#### Exercise details:
The result should be an exact copy of only the lines from the one with "Bridge provides another" through the last line of the data below, with pictures omitted.

#### Material for the task:
+ + + + +

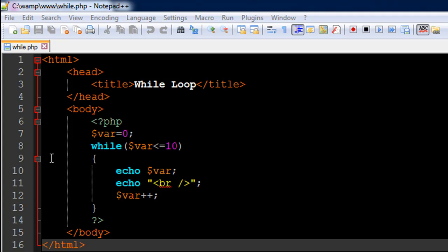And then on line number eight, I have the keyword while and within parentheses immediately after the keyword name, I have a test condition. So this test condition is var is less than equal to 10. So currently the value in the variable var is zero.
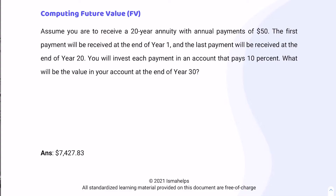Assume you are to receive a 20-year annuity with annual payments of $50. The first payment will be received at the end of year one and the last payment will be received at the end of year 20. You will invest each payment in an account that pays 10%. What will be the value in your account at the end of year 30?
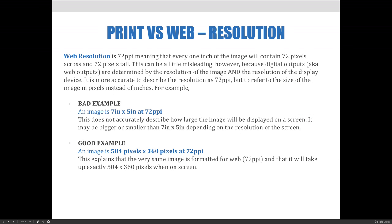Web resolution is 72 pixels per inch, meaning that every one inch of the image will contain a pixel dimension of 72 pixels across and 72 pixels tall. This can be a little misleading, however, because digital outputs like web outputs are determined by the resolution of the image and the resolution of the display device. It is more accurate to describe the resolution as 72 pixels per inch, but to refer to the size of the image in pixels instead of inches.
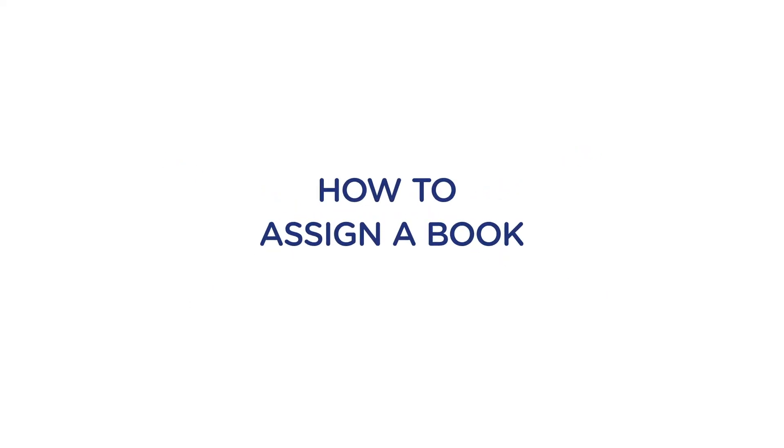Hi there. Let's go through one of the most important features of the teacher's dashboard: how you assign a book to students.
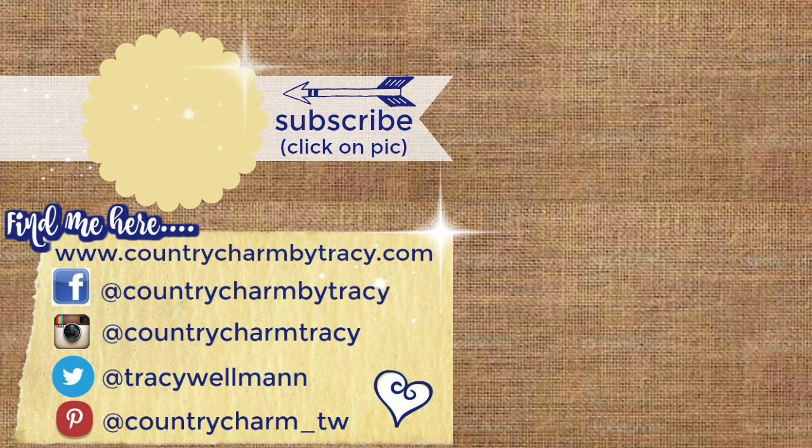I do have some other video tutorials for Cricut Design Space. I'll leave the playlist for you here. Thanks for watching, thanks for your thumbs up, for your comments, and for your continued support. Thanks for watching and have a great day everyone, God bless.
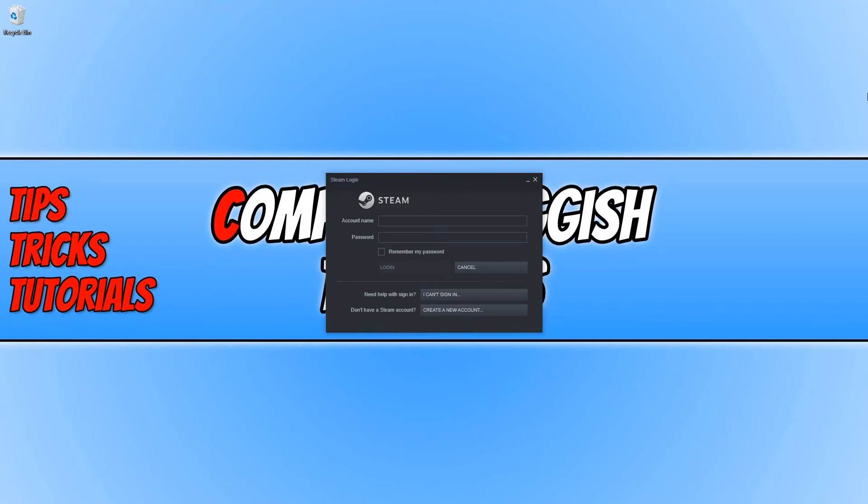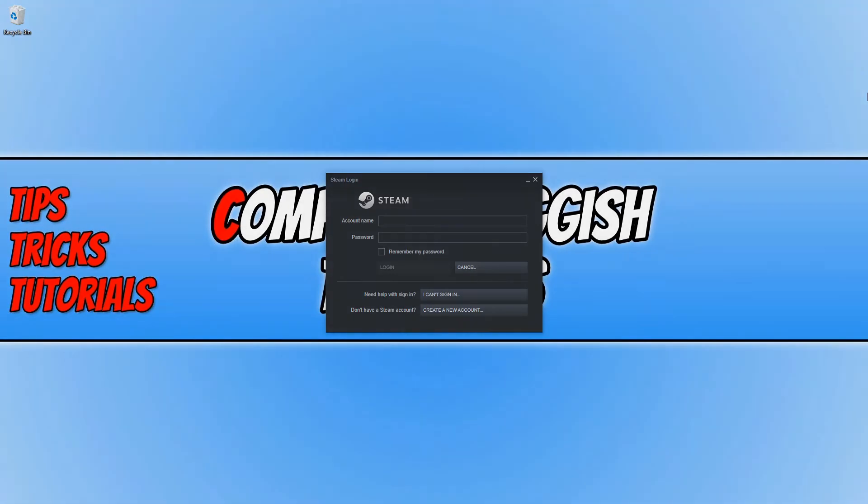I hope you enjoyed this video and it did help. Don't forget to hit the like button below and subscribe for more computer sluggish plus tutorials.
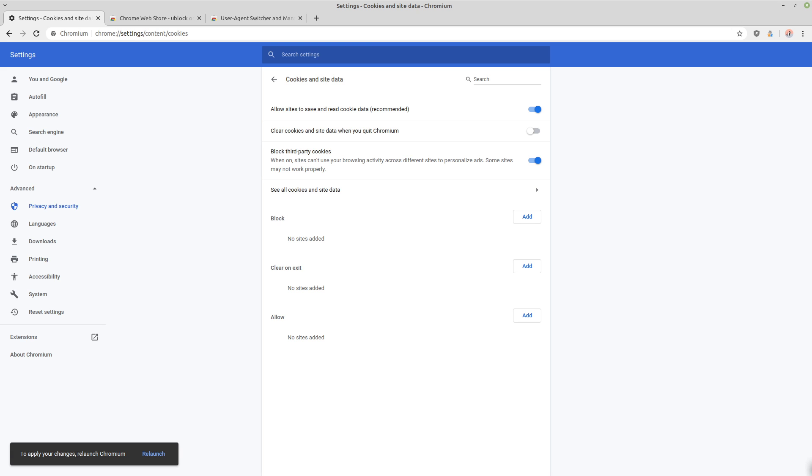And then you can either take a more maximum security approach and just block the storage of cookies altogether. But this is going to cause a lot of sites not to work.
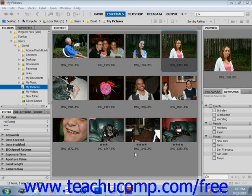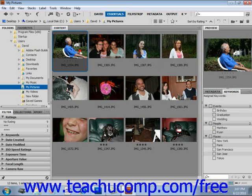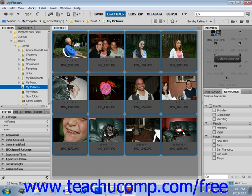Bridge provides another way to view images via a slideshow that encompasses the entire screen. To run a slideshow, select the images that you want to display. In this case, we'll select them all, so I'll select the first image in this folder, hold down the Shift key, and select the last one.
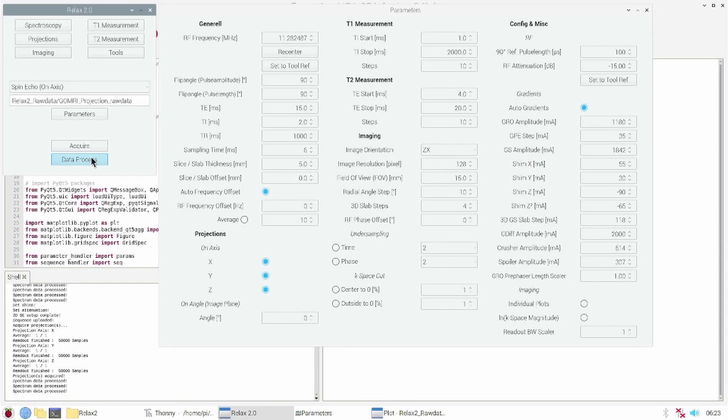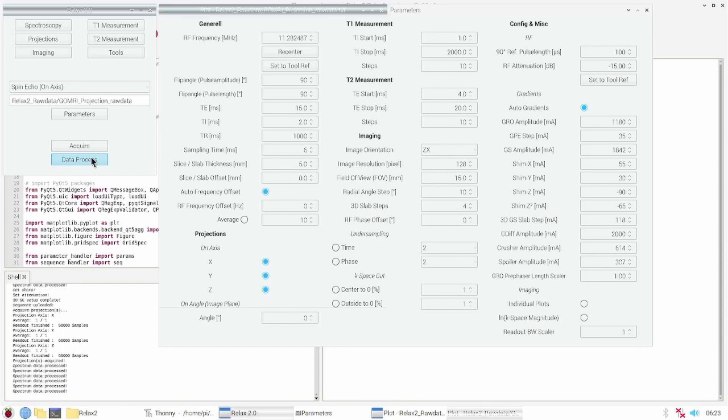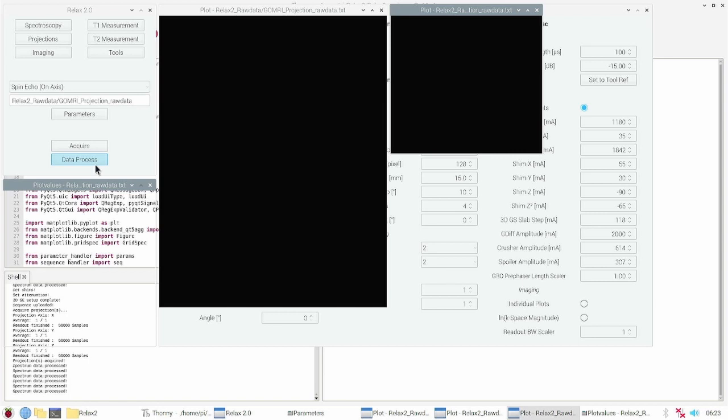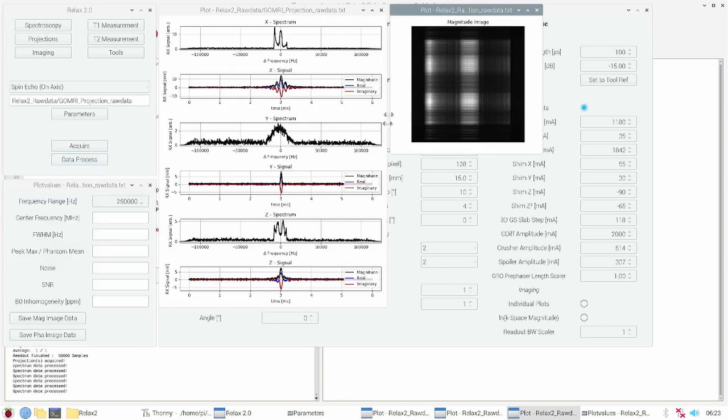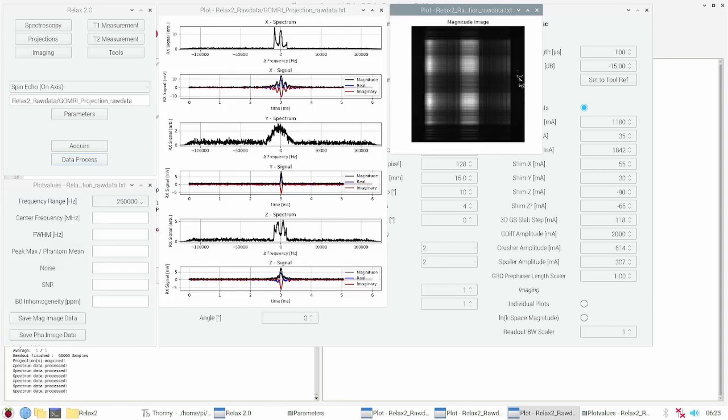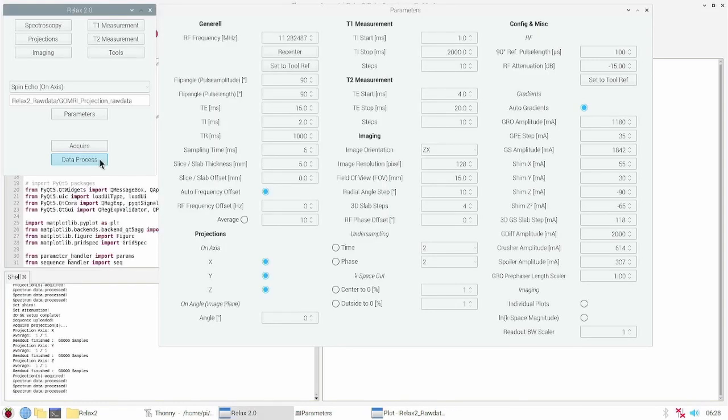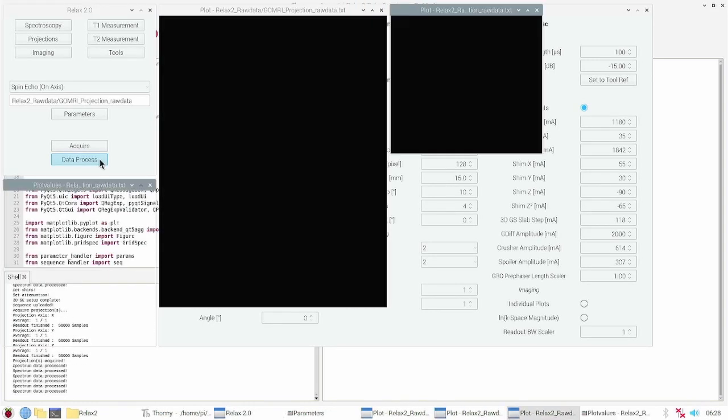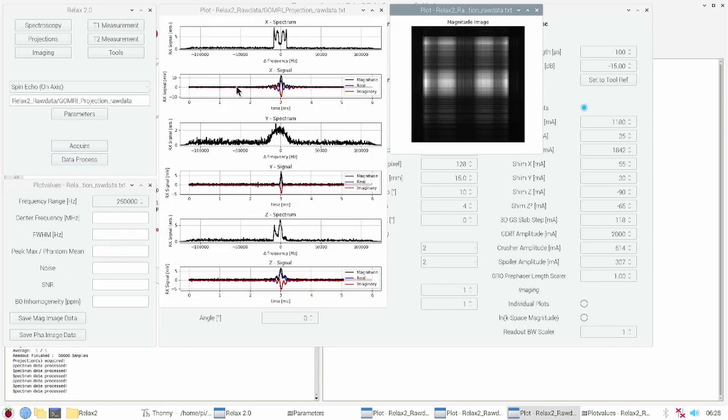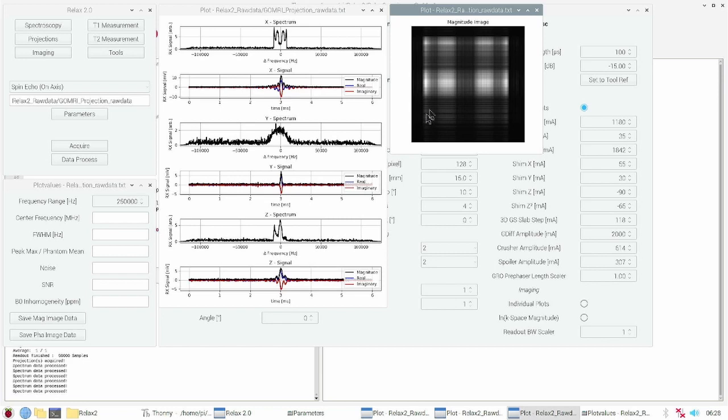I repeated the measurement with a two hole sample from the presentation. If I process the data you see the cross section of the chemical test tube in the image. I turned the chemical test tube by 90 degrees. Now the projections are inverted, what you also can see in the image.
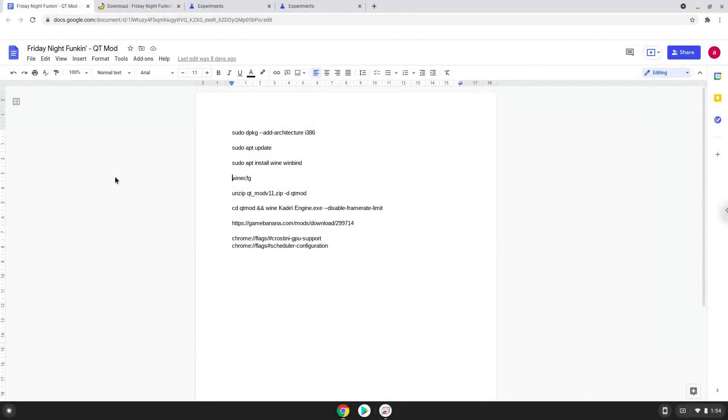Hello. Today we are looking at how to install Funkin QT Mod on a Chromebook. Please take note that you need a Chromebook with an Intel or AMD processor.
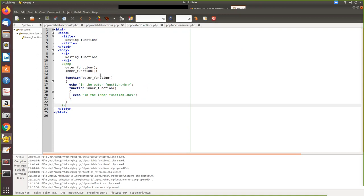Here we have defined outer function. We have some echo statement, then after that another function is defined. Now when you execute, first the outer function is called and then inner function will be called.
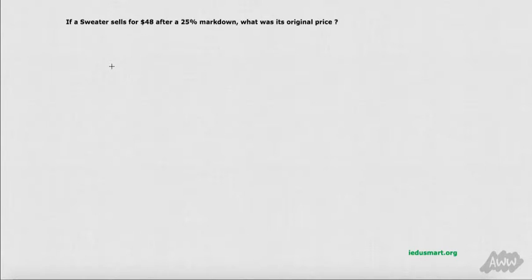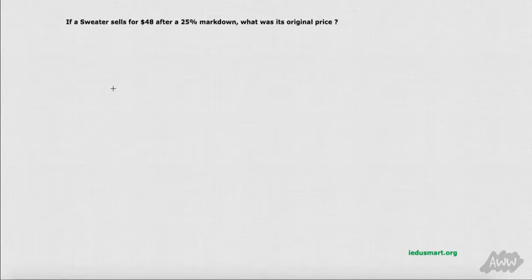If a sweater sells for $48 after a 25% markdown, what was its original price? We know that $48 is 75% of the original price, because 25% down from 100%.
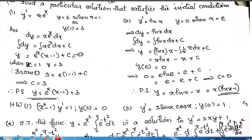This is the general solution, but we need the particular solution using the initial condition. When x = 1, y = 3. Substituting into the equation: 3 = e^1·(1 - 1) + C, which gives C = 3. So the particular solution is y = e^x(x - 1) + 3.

+ + + + +

#### Reply:
Bridge provides another way to view images via a slideshow that encompasses the entire screen. To run a slideshow, select the images that you want to display. In this case, we'll select them all, so I'll select the first image in this folder, hold down the Shift key, and select the last one.
I repeated the measurement with a two hole sample from the presentation. If I process the data you see the cross section of the chemical test tube in the image. I turned the chemical test tube by 90 degrees. Now the projections are inverted, what you also can see in the image.
Hello. Today we are looking at how to install Funkin QT Mod on a Chromebook. Please take note that you need a Chromebook with an Intel or AMD processor.
Here we have defined outer function. We have some echo statement, then after that another function is defined. Now when you execute, first the outer function is called and then inner function will be called.
If a sweater sells for $48 after a 25% markdown, what was its original price? We know that $48 is 75% of the original price, because 25% down from 100%.
This is the general solution, but we need the particular solution using the initial condition. When x = 1, y = 3. Substituting into the equation: 3 = e^1·(1 - 1) + C, which gives C = 3. So the particular solution is y = e^x(x - 1) + 3.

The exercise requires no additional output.